I first aim to classify breast cancer cell lines by their responses to arginine, and identify differences between these cells lines that can be used as novel therapeutic targets or biomarkers for sensitivity to arginine starvation therapy. In my second aim, I will investigate the role of mTORC1 signaling as an arginine sensor to determine its ability to regulate arginine metabolism. Finally, I will investigate arginine metabolic therapy in the context of breast cancer cells that are resistant to PI3K/Akt inhibitors. Determining variations that account for different responses to arginine, including mTORC1-dependent responses, will broaden our knowledge of metabolic regulation. It will also identify novel therapeutic targets and biomarkers for response to arginine metabolic therapy in breast cancer, increasing our ability to combat this disease, including in drug-resistant settings.
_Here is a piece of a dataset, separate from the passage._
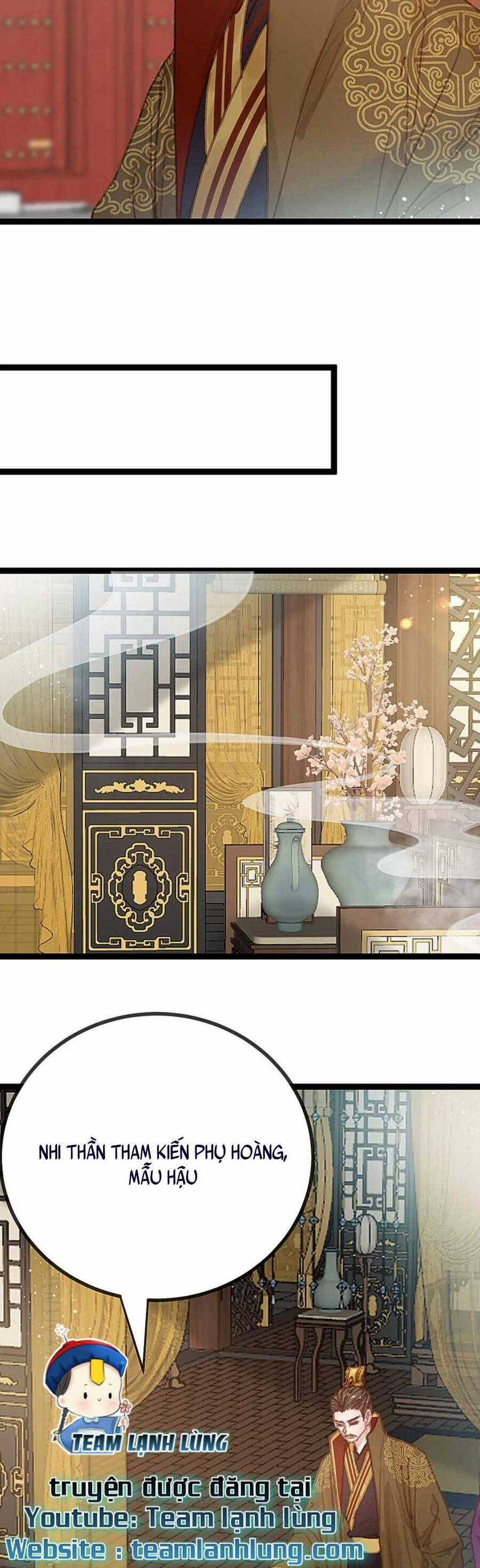 Quý Phi Muốn Trở Thành Con Cá Mặn Mòi Chapter 98 trang 18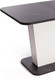 Миниатюра изображения товара Обеденный стол Tetchair Gent 110-145x686x75.5 (мрамор блэк роял/белый)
As a whole, this project will expand our knowledge of the role of arginine metabolism in breast cancer and its value in therapy.

Public Health Relevance

Breast cancer is the second leading cause of cancer-related death in women, but due to the variation within this disease we need improved therapies and biomarkers that can indicate when to implement specific therapies. This project will investigate arginine metabolism in the context of breast cancer, with the goal of identifying novel therapeutic targets and biomarkers for response to arginine metabolic therapy.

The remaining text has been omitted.